Contras are usually done with partners across from each other in long lines. Many English dances use this formation, but there are also three, four, five couple set dances, some in circles, squares, or other formations. (Colin Hume says that the US uses a much higher percentage of longways dances than the UK.)
English commonly uses a wider variety of figures than contra dance does. (The contra dance figure vocabulary expands frequently, often through borrowings from some flavors of square dance, but the number of core figures is smaller.) You'll see heys-for-three more often than heys-for-four. Two hand turns are much more frequent than partner swings -- although in England, partner swings are more frequent than in the US. There's a lot more emphasis on eye contact than on physical contact, which makes flirting a bit subtler, but just as much fun.
As originally done, "historical" English dances used serious footwork. (The names of various steps might be familiar to modern ballet dancers.) We don't know precisely what the appropriate footwork was for every period, but we have some good ideas for the 18th and 19th centuries. There were a wide variety of setting steps as well. Few modern reconstructions (with the notable exceptions of Chip Hendrickson's work on Early American dance and his English Dances for the Dutch Court) make use of this step vocabulary; you'll very occasionally see a simple minuet step. "Traditional" dances used simple, vigorous, stepping of several varieties. Some give the opportunity for improvisatory step dance, which could be as complicated as the dancer wanted to make it. These include skipping, slipping, polka, skip-change, step-hop, and rants, both travelling and in place.

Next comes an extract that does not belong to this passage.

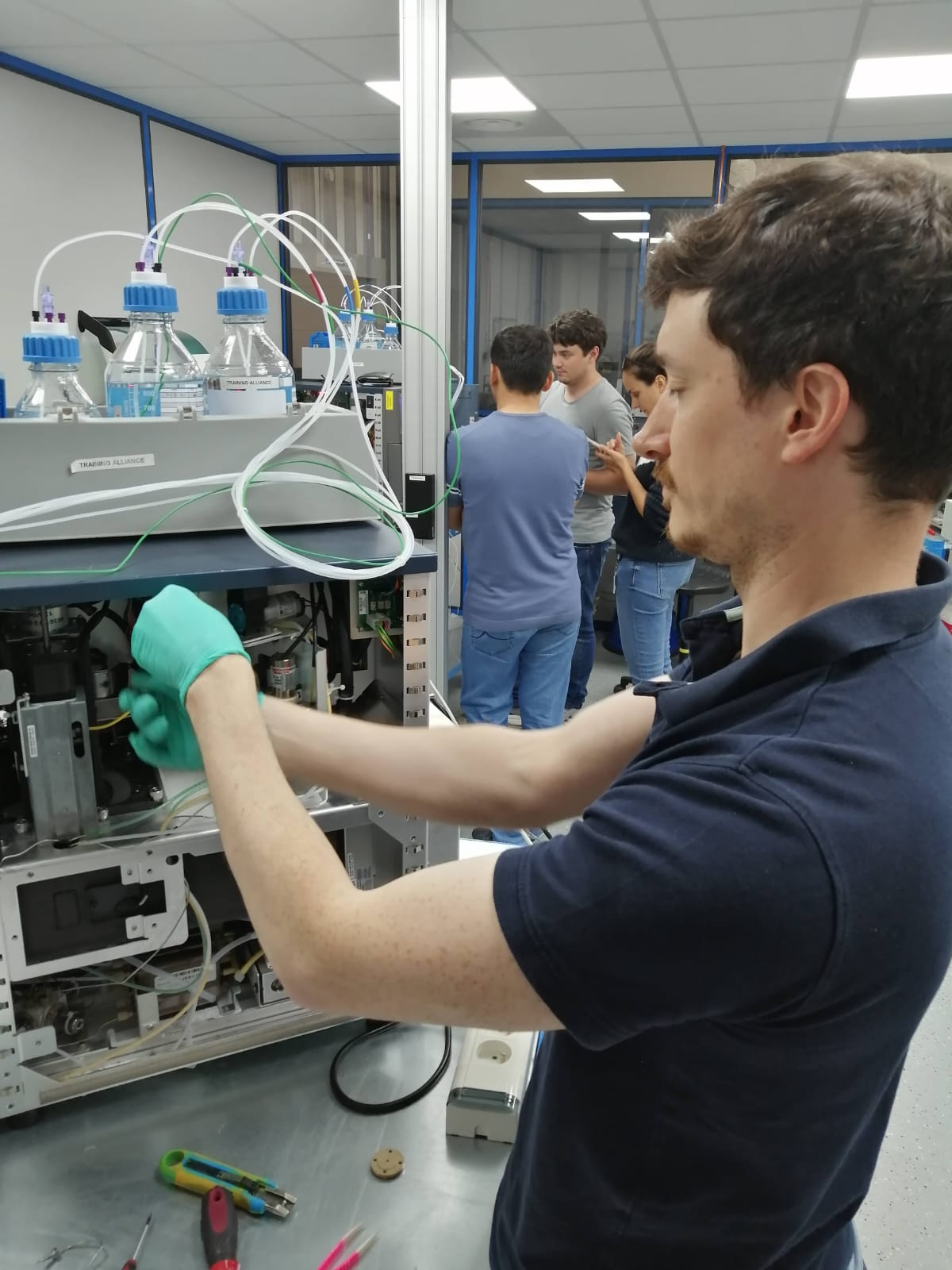 The VARLIS founder, gloved, working hands-on inside an analytical instrument in the laboratory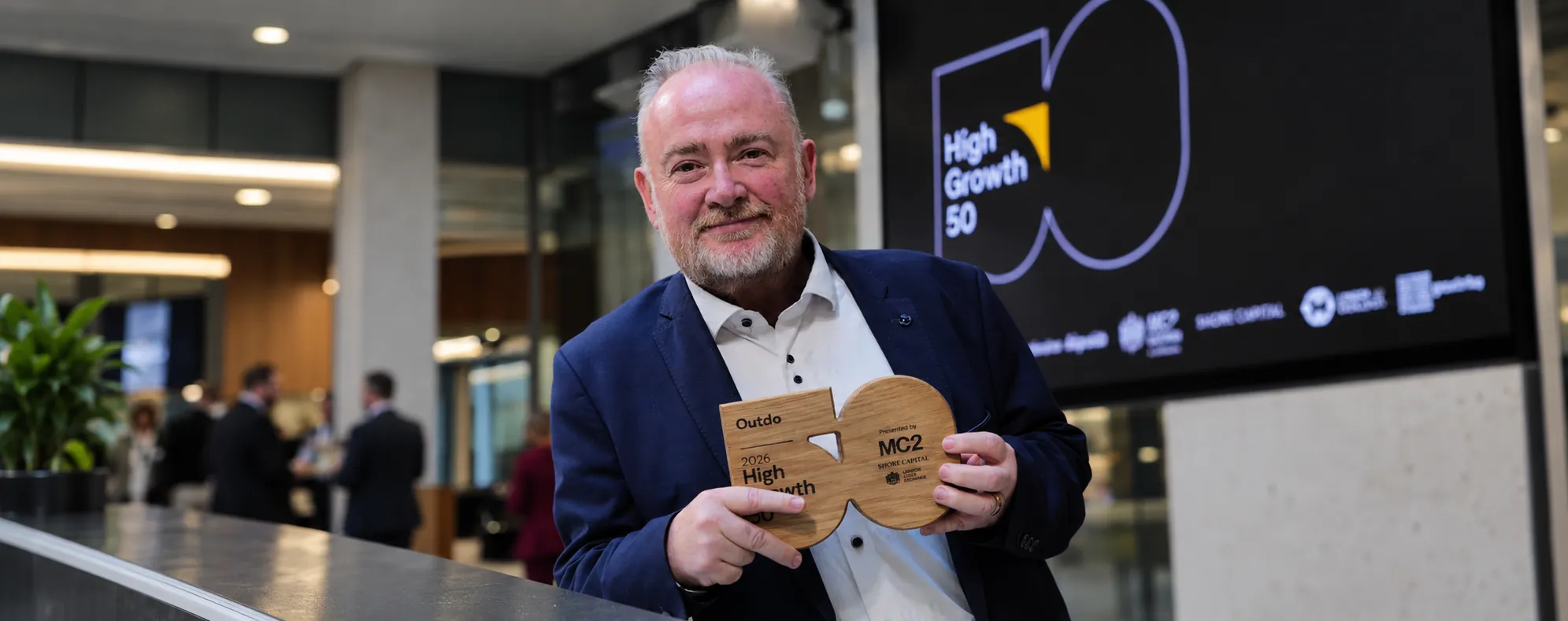 Outdo CEO Mike Brennan holding the wooden 2026 High Growth 50 award at the London Stock Exchange, with the High Growth 50 logo on a screen behind him.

In the United States, the overwhelming majority of dances done nowadays use the dance walk, with the addition only of skipping, skip-change, and slipping. You'll see an occasional step-hop or rant dance. In Britain, the story is considerably different. At a ceilidh dance [see Ceilidh Pages for a lot of information] you will hardly see a walking step all evening, says my informant. Indeed, if an English caller says to "dance" a figure, that means to use some appropriate kind of stepping.
Part 3: Acknowledgments
My ideas about ballroom dance of the 1800s come largely from Richard Powers, and those about quadrille stepping from Stan Isaacs. Thanks for corrections and suggestions from members of the ECD list, including Paul Stamler, Colin Hume, Carol Martinez, Tom Senior, Roger Broseus, Margaret Connors, and John Ramsay. Any errors remaining are entirely the fault of Alan Winston.